On Thu, Jul 10, 2014 at 8:20 AM, Bill Moran <wmoran@xxxxxxxxxxxxxxxxx> wrote:
On Thu, 10 Jul 2014 07:59:20 -0700 (PDT) AlexK <alkuzo@xxxxxxxxx> wrote:
> My table currently uses up 62 GB of storage, and it has 450 M rows. This
> narrow table has a PK on (ParentID, ChildNumber), and it has between 20K and
> 50K of child rows per parent.
>
> The data is inserted daily, rarely modified, never deleted. The performance
> of modifications is not an issue. The only select from it is as follows:
>
> SELECT <column_lis> FROM MyChildTable WHERE ParentID=?
> ORDER BY ChildNumber;
>
> The selects are frequent, and their performance is essential.
How is their performance currently?
>> Would you advise me to partition this table?

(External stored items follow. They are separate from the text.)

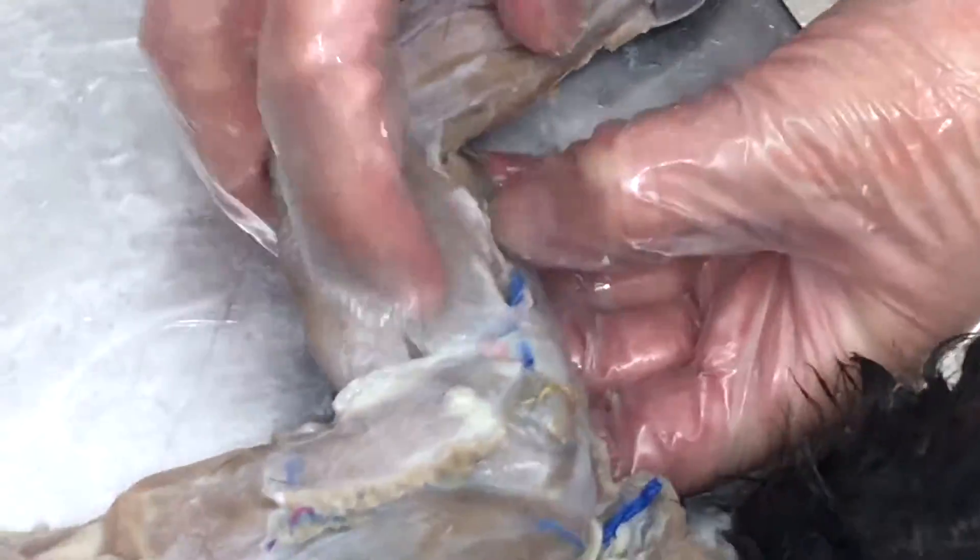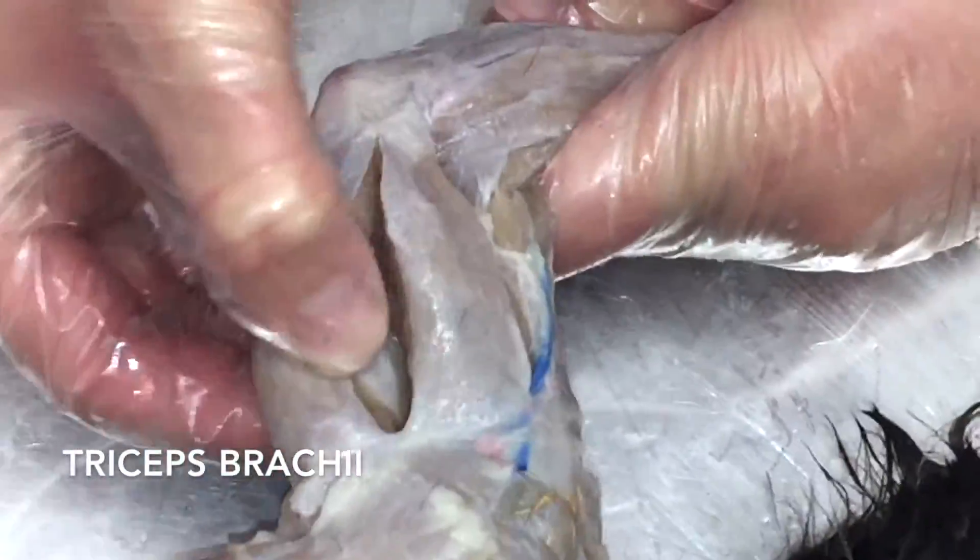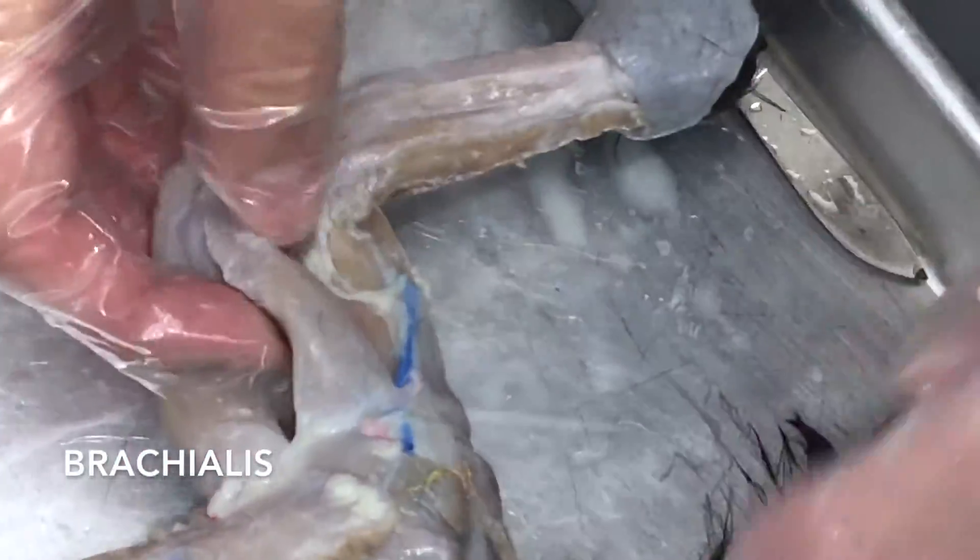Moving down the arm, there are a couple of muscles you can see from the back of the arm. This big, huge muscle here is going to be your triceps brachii. This one in the middle is going to be the brachialis muscle, and then we have to flip it over to see the bicep muscle.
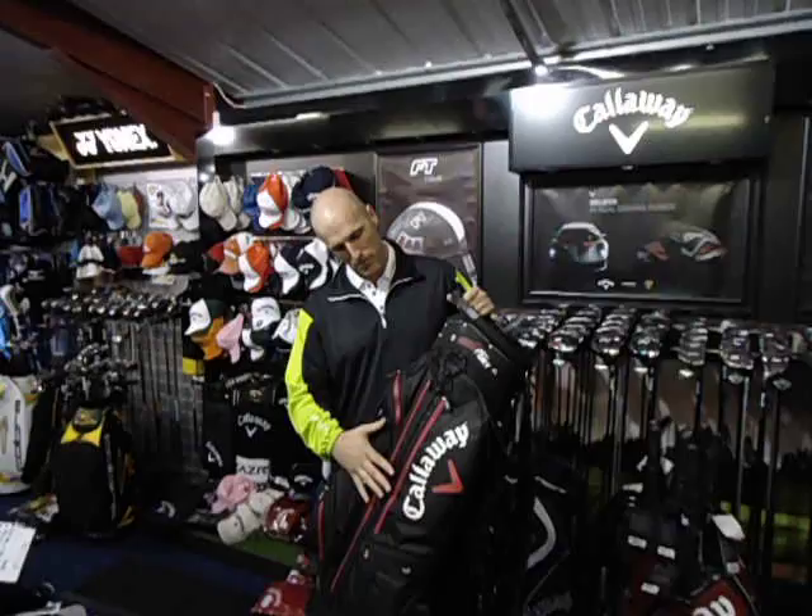This month we're looking at the Callaway AcroDry Cartabag. It has a waterproof coating on the outer with waterproof zips, so everything inside will stay dry. It has 14 weight dividers which are all full length, and it weighs just under 3kg. It also has an insulated cooler pocket to keep your drinks either cold or warm.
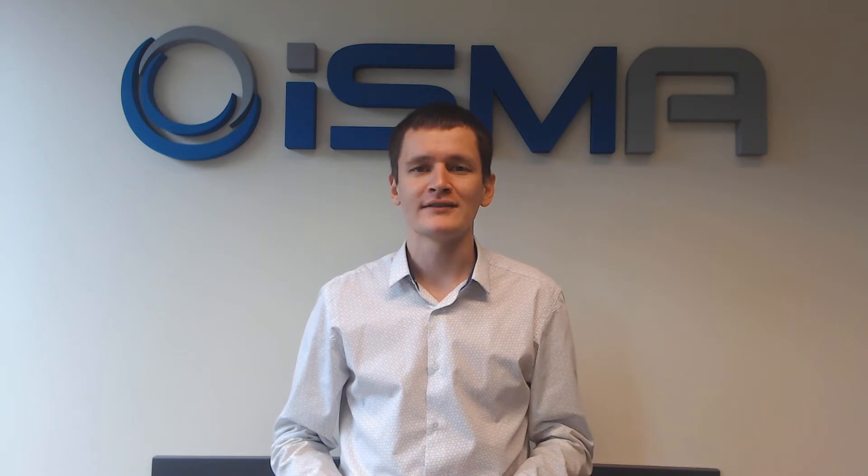Hi, it's Alexander from Global Control 5. This video will be devoted to our advanced application controller, ISMA-B AEC20.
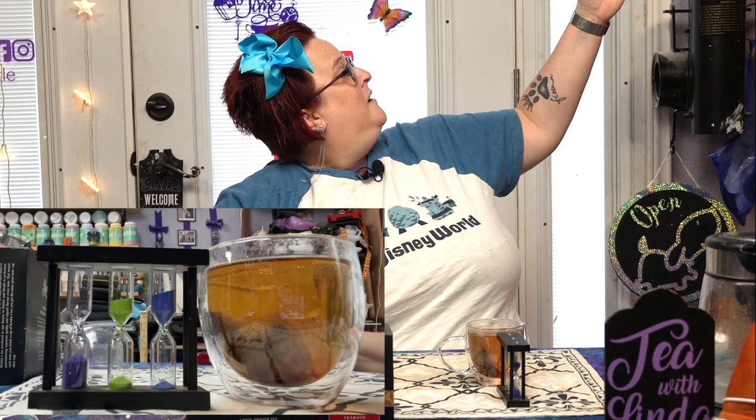If this is your first time at the channel, thank you very much for coming by. My name is Linda — I am a hot tea addicted, porcelain loving potter who's obsessed with anything and everything that has to do with teas and Disney. I am in fact a Disney adult. What you can't see behind me is a wall with more Disney ears than one woman should probably have, plus art from my favorite Disney artist, Tim Rogerson.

No, not based on the current info. There is no reason to think partitioning would improve the performance that matters to you. You said that child rows for the same parent are all inserted at the same time, so they should naturally be well-clustered. That will be important for performance once the data exceeds what can be cached. If that clustering did not occur naturally then you might benefit from imposing it, and partitioning might be an import part of doing that. But it sounds like you will not need to worry about that.
In general, yes, given the information you provided. A parition on
ParentID % $something should improve performance.
PostgresSQL's constraint exclusion logic is not smart enough to turn a simple equality into a mod equality. Which means every select query would have to include "AND ParentID % something = (:1 % somthing)" in addition to the primary clause "ParentID=:1", in order to benefit from constraint exclusion. That would be very unnatural, annoying, and error prone. Range partitioning would be better, if any partitioning is needed at all.
Cheers,
Jeff